Chris Wilkinson discusses whether Horror should be considered as serious art, and whether it's been given a bad representation in recent film-making

Chris Wilkinson
1st November 2018
The common and shared experiences which all Netflix users have are numerous and varied, but there is one, I think, which is distinctly annoying. Imagine you are cycling through the vast array of films open to you, surfing the waves of titles that seemingly go on for eternity. But there is one genre which won’t go away, and all the films are the same. Behold, you have struck the coal-face of shite horror films.

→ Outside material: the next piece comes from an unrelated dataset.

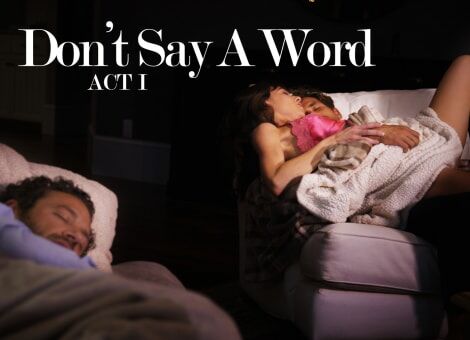 MissaX – Vera King – Don't Say A Word: Act I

There are a few reasons why I find this annoying, but I think the most obtrusive one is that it fails to represent the brilliance of some films which categorise themselves as horror. I have read many, many articles and reviews about how and why people hate jump-scares, and I would be boring you, sweet reader, if I were to regurgitate some of their sentiment. But there is a reason why jump-scares are hated so much! They’re shit! And Netflix is full of them! No, instead of tucking into this feast of plastic-flavoured, mass-produced shite, take some time to savour the finer flavours of the film world.

Take, for example, The Thing. Full of jump scares and gory viscera though it is, this film is one of the absolute classics of the Horror genre. A flop upon release, it was only later in time that John Carpenter’s 1982 Horror Sci-fi came to be fully appreciated by the film community – notably for its suspenseful tones of uncertainty about where and when someone will die, undeniably helped by its absolutely fantastic soundtrack. Take also The Shining. Perhaps one of Kubricks most stunning films (if not the most stunning), the cinematographic presence of this film is hard to deny when going into those lengthy conversations on film-making during the pretentious hours of the night.

This is what leads us into thinking whether the horror genre is really appreciated enough? It is true, the genre is in danger of becoming diluted by the trash that seems to be very popular, but you would be hard put trying to find another genre which can rise from such excruciating lows to such ascendant highs of film-making.

Regardless of what you feel the point of art and film is, it is hard to argue against the idea that one way of expressing such a point is through the channels provided by emotion. You watch a drama and you cry, you watch a comedy and you laugh, you watch a horror and you are terrified. Each one of these emotions can bring forward and process a subject more than we really comprehend. If you have watched Selma, you might have cried, if you watched Friday you might have laughed, and if you watched Get Out, you might have been terrified. But I bet after watching each film you had the same thoughts after: The issues of racial inequality in America.

So, I feel, if Horror can maintain this ability to terrify and channel some sort of message through it, it can be saved. But whatever you do, don’t allow yourself to think Netflix is the one that will save it.